Janji Diangkat Jadi PNS, Guru Honorer Malah Di-PHP 17 Tahun, Tanah Telanjur Dihibahkan ke Sekolah

Pilu guru honorer mengaku di-PHP untuk diangkat menjadi pegawai negeri sipil (PNS). Ia telah menunggu selama 17 tahun.

|
Getty Images dan Tribun Makassar
Ratnawati (kanan), istri Mustamin guru honorer yang dijanjikan diangkat jadi PNS namun tak kunjung terwujud.
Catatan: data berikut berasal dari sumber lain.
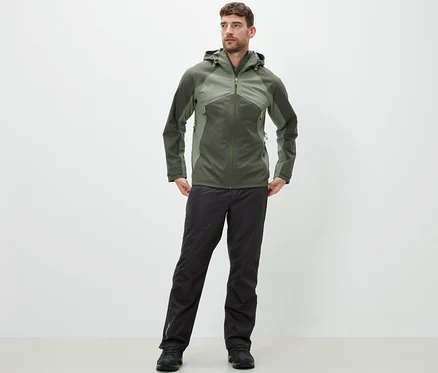 Un homme debout portant un pantalon de pluie high-tech et une veste.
Tanah pribadinya telanjur dihibahkan ke sekolah. 

TRIBUNJATIM.COM - Pilu guru honorer mengaku di-PHP untuk diangkat menjadi pegawai negeri sipil (PNS).

Ia telah menunggu selama 17 tahun.

Namun janji itu tak kunjung terealisasikan hingga ia harus kehilangan tanahnya.
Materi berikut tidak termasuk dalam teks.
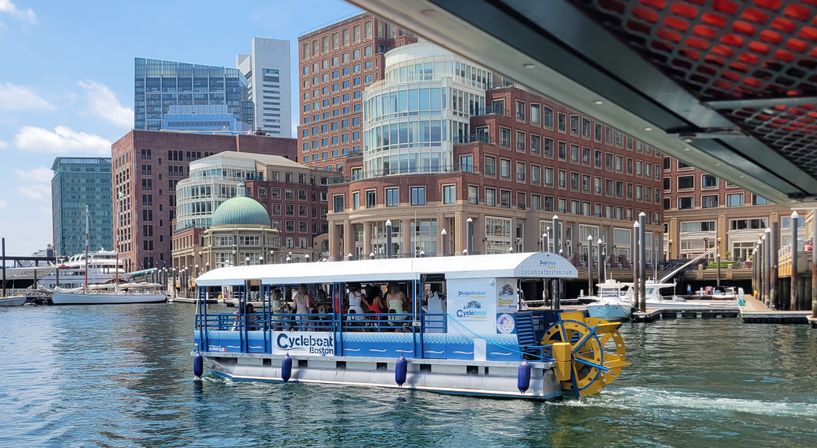 Pedal-powered tour boat with yellow paddlewheel cruising Boston Harbor in front of waterfront brick office buildings and moored yachts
Tanahnya tersebut dihibahkan untuk membangun sekolah setelah dijanjikan diangkat jadi PNS 17 tahun lalu.

Sosok guru honorer di-PHP tersebut ialah Mustamin.

Ia diketahui mengabdi di UPT SDN 26, Lingkungan Ganjenga, Kelurahan Bulujaya, Kecamatan Bangkala Barat, Kabupaten Jeneponto, Sulawesi Selatan (Sulsel).
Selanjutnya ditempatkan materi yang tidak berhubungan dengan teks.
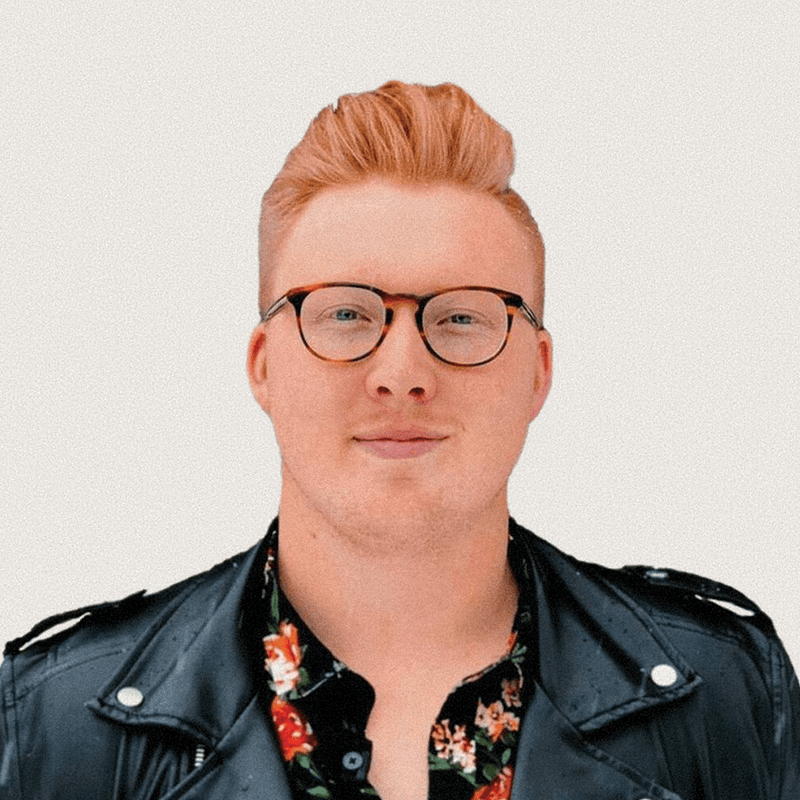 A man with red hair wearing glasses and a leather jacket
Baca juga: Kisah Guru asal Nganjuk Mengajar di Daerah Terpencil Madiun, Lewati Medan Sulit hingga Dorong Motor

Awalnya Mustamin menghibahkan tanahnya untuk pembangunan SDN 26 yang berjarak 100 meter dari kediamannya pada 2007 silam.

Ia kemudian dijanjikan akan diangkat menjadi PNS setelah mengabdi selama dua tahun di sekolah tersebut.

Menurut sang istri, Ratnawati (47) janji itu diketahui oleh pejabat perwakilan Bupati Jeneponto (Radjamilo) bersama anggota DPRD dan perwakilan Dinas Pendidikan.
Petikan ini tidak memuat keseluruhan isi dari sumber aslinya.